Бедняга Бодейкер… он не был одним из тех, кто отмечен знаком смерти, но при этом шарахался от собственной тени.
Бодейкер боялся жизни, а не смерти. Ему следовало бы быть более уверенным в себе и напористым и тогда он наверняка бы не был лабораторным мальчиком на посылках.
Флетчер позвонил в университет из телефона-автомата, расположенного неподалеку от кабинета врача, из которого он только что вышел. Мистера Бодейкера не оказалось на месте и Флетчера попросили перезвонить через час.
По дороге в свою квартирку, Флетчер зашел в супермаркет и купил большой пирог с мясом. Он совсем не проголодался, но победить многолетнюю привычку был не в силах. В довершение к ленчу, обеду и ужину он всегда довольно плотно перекусывал днем. Флетчер не пил в одиночку, он в одиночку ел. Он с наслаждением поглощал огромные количества еды, когда его никто не видел, при этом худое, словно высохшее тело, надежно хранило от окружающих тайну его страсти. Правда, это не имело никакого значения: никому все равно не было дела до Джона Флетчера.

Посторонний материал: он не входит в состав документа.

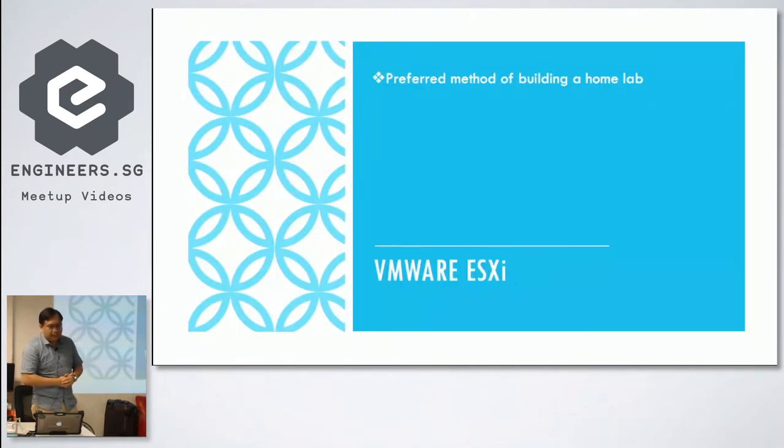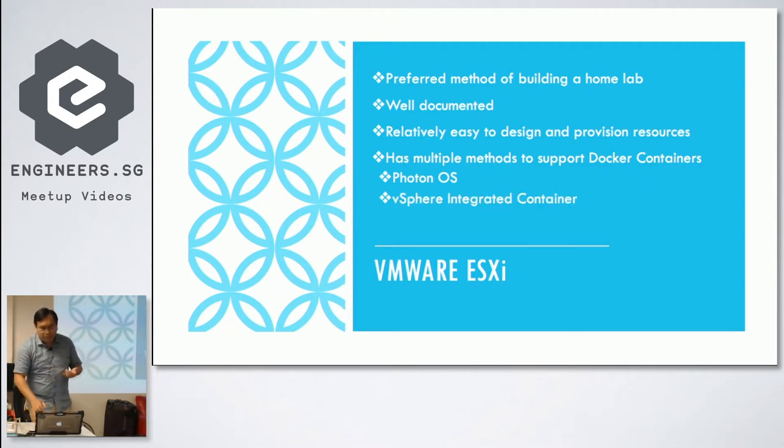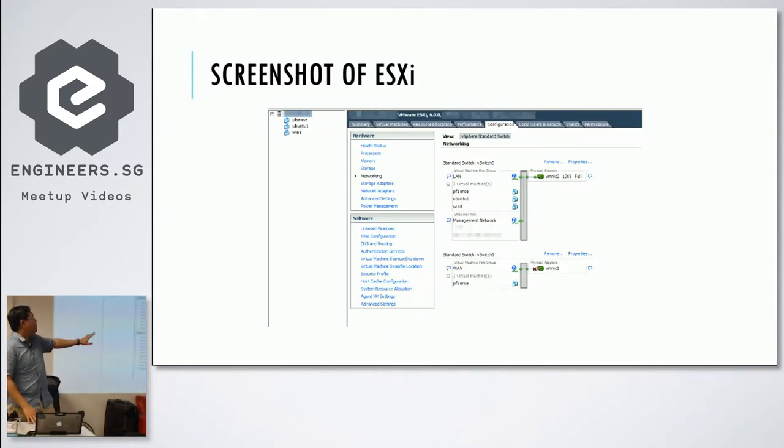VMware ESXi is one of the preferred methods for building a home lab. It's very well documented, relatively easy to design and provision resources once you know the quirks, and it supports Docker containers through Photon OS or vSphere Integrated Containers — where containers are treated exactly like virtual machines. You can provision IP addresses and connect them to different vSwitches. This is what vCenter looks like — those gray bars are called vSwitches and are very important when deploying resources.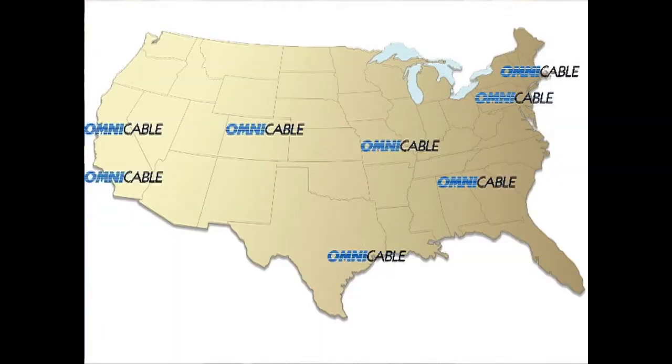Omnicable has a full inventory of PVC flat festoon cables from 2 gauge to 16 gauge in each of our 10 locations nationwide. We inventory these products on master reels and can cut and ship custom lengths same day.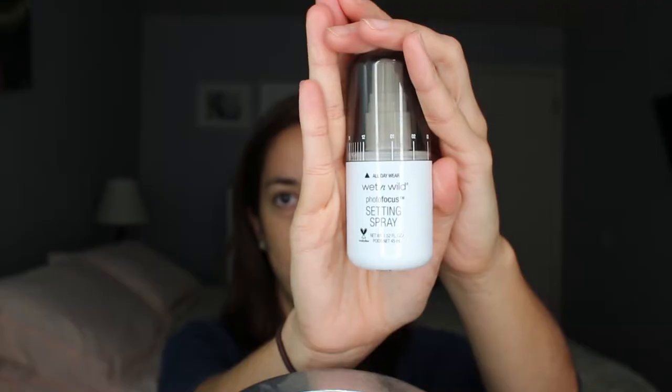The first thing I'm going to do is start with a setting spray. I don't have a Wet n Wild primer, so I'm just going to spray my face with this to make the foundation stick a little bit more. Then I'm going in with my foundation. I have a Wet n Wild buffing brush — I don't have the name for it since there's no name on the brush once you throw away the packaging — but it's a flat top, not very dense, soft, and I'll use it to blend in the foundation.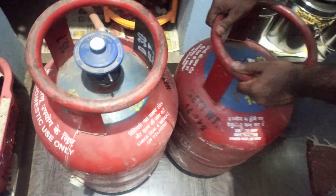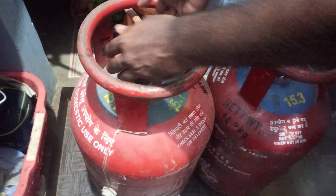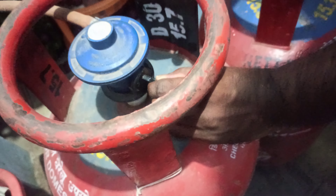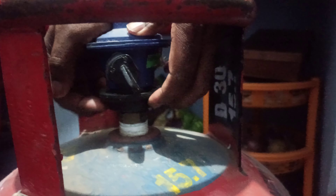If you want to exchange the gas cylinder — if the one that's filled needs to be swapped out — you can't just remove it directly. First, you need to turn off the regulator. Put it down, then press this and remove it. So this gas cylinder is now empty.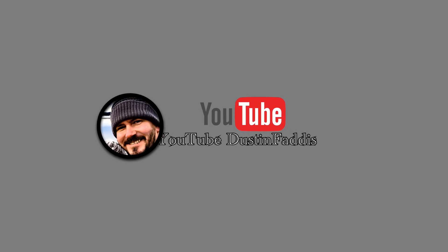We picked these up off Amazon — I'll leave a link in the description. If you like the video, please like and subscribe, it really helps us out.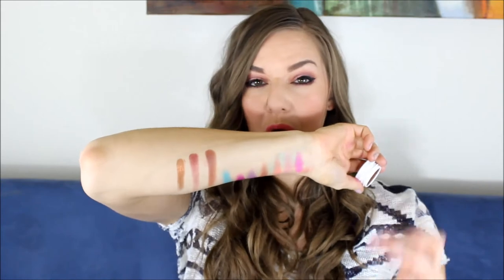The next color is Game Face. I've yet to swatch this. This is a really pretty shimmery bronze color. I've seen quite a few looks with it on the lid and it is gorgeous. That's so pretty — that would be really good with like purple or a dark brown in the crease.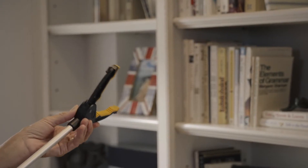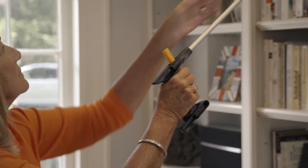The claw can grasp all sorts of things and Mom likes that it rotates 360 degrees. If she wants to pick up something that's very heavy, she can easily open it with two hands.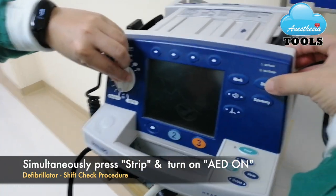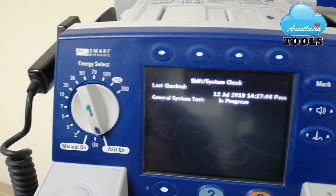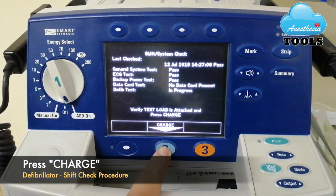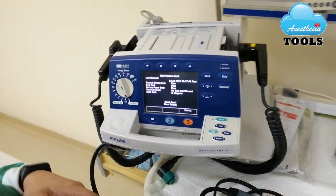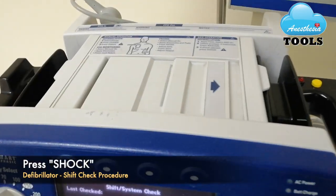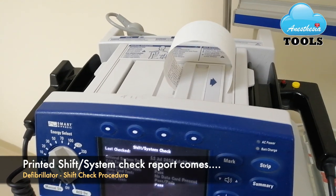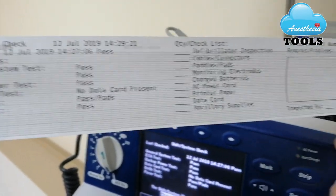We have to simultaneously press both buttons together for the shift check. The rotator knob and the strip go into the option shift check. Now the option shows charge — she will charge the machine. As the machine is on test load, we don't have to worry, we can shock. At the same time, the strip comes out. This is how the system shift check strip shows.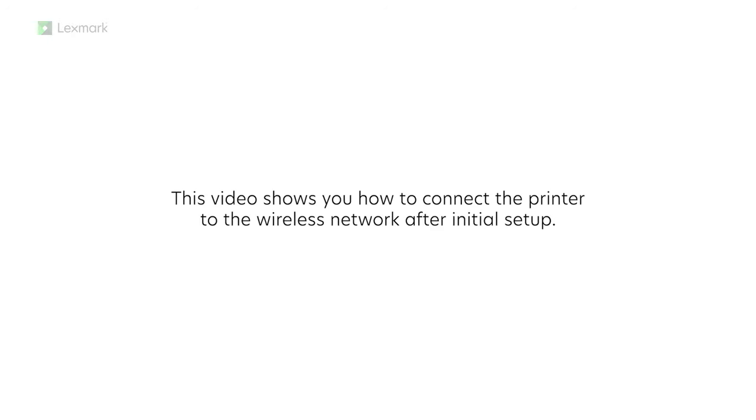Configuring the wireless settings of your printer. This video shows you how to connect the printer to the wireless network after initial setup.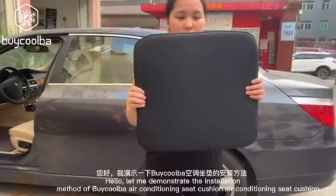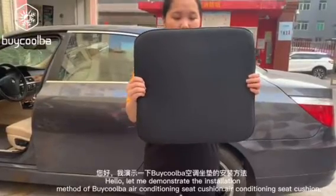Hello, let me demonstrate the installation method of Baikuba Air Conditioning C Cushion.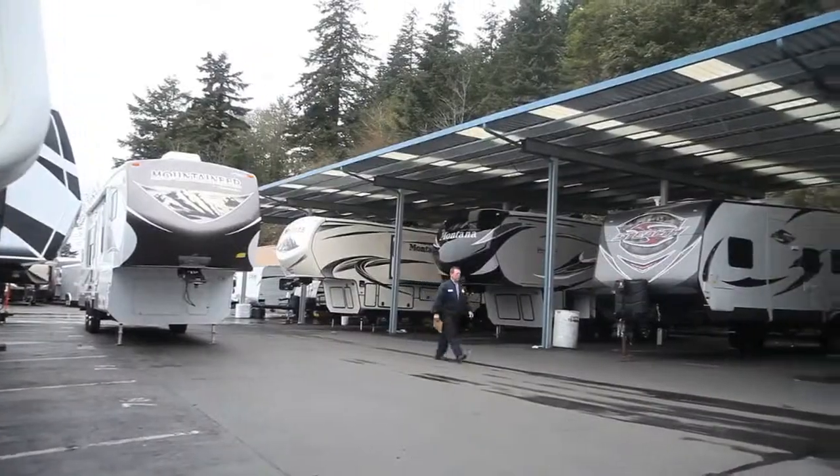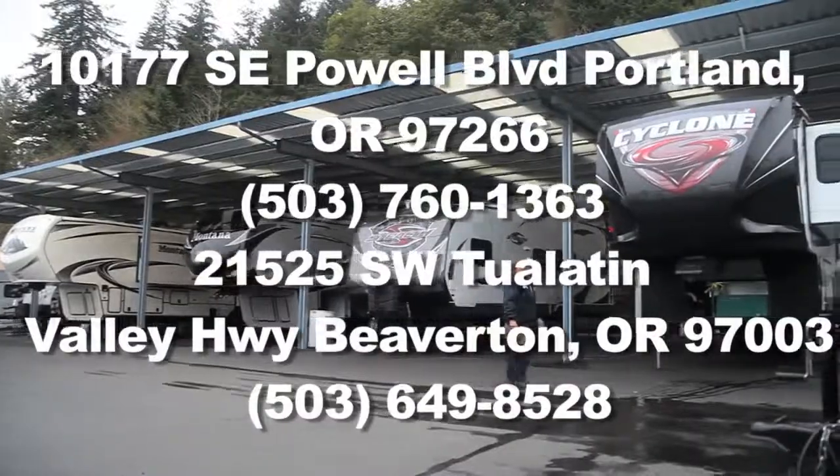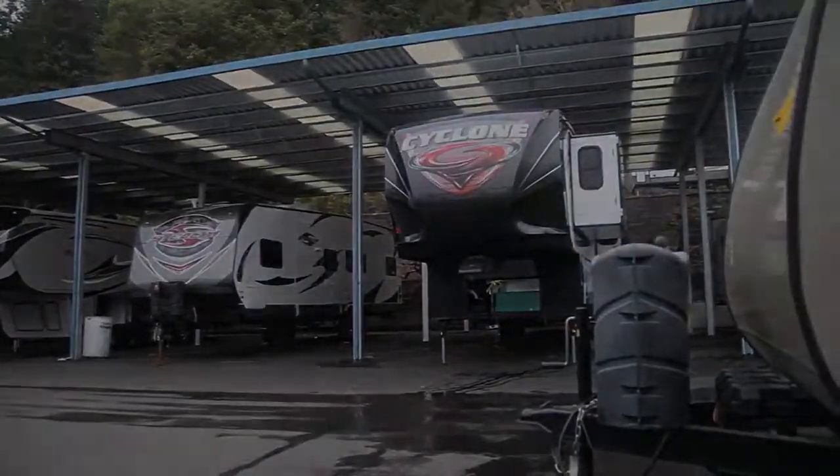Call Curtis Trailers Portland at 503-760-1363, or Beaverton at 503-649-8528, to have this service performed.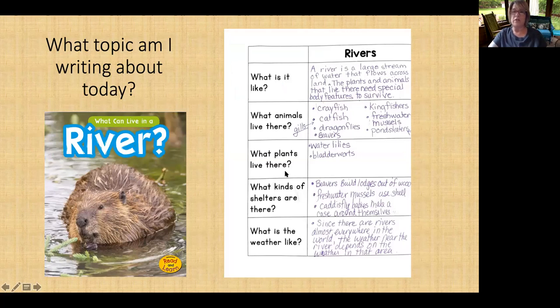I got my information from the same books that you have. Please know your notes do not have to match mine — even though we use the same book, I may have different notes. But if you want to use some of my notes, that's okay. Just as long as you're able to tell in your book what a river is like, the animals that live there, the plants that live there, the shelter that animals and plants use, and also what the weather is like. In the book we read, that book was not about Indiana and did not really tell us about the weather. But since there are rivers everywhere in the world, the weather around the river depends on that place.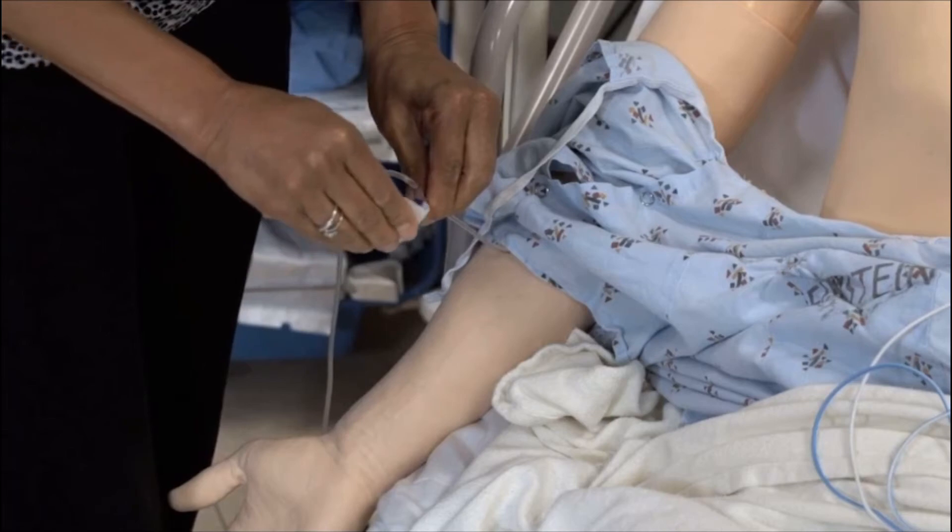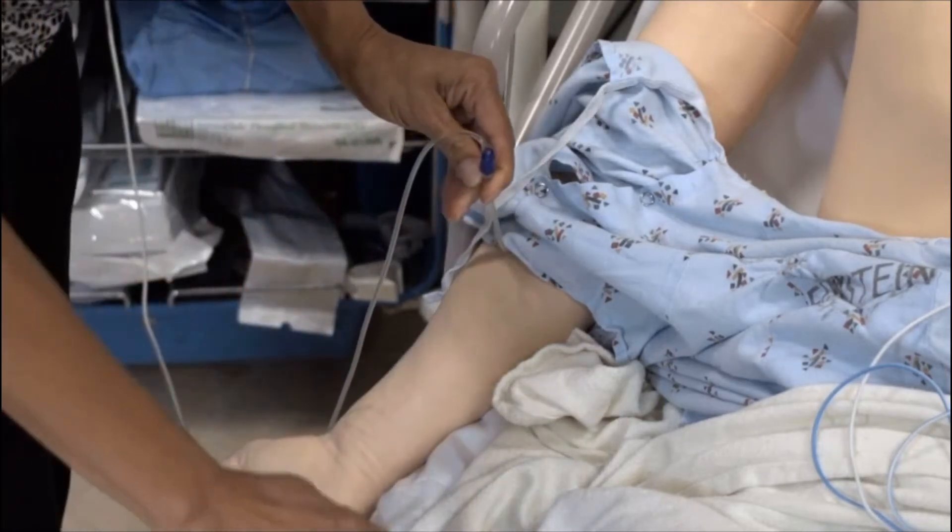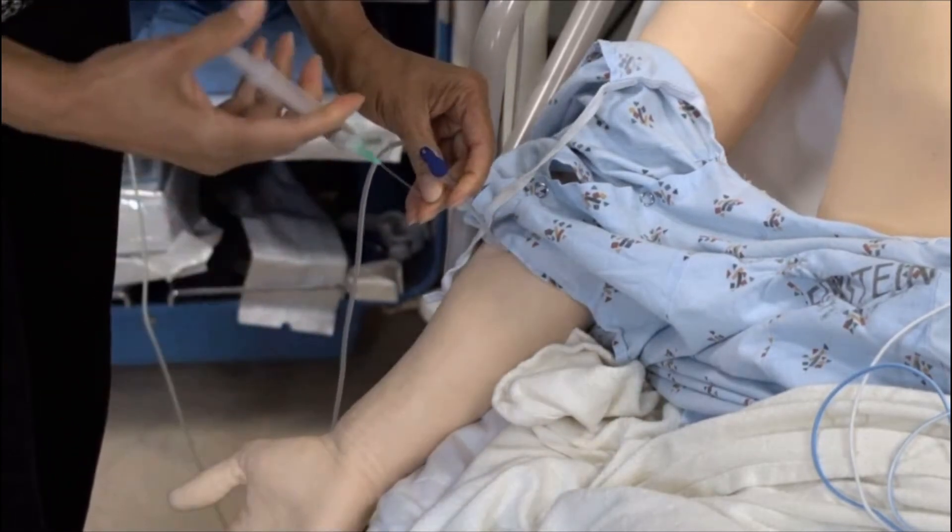Because the procedure is frightening and painful, give IV analgesia and sedation if time and patient condition permit.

Дома Флетчер первым делом поставил пирог в крошечную печь, чтобы он там согрелся, а сам удобно растянулся на кровати. Теперь чтобы что-нибудь сделать, ему требовалось прикладывать определенные усилия. Опухоль пока не очень его беспокоила, она давала о себе знать лишь иногда и в самой неявной форме. Вот как сейчас. Он ел, но больше не получал удовольствия от еды, мог ходить и даже бегать, но если у него появлялась такая возможность, старался не двигаться и не напрягаться. К тому же, теперь мысли о женщинах, которые в его наполненные одиночеством сорок три года доставляли ему столько страданий, больше его не беспокоили. В этом смысле ему удалось обрести мир и покой. Его больше не разрывало на части противоречивое желание отыскать какую-нибудь женщину, а потом заставить себя удержаться и не касаться ее.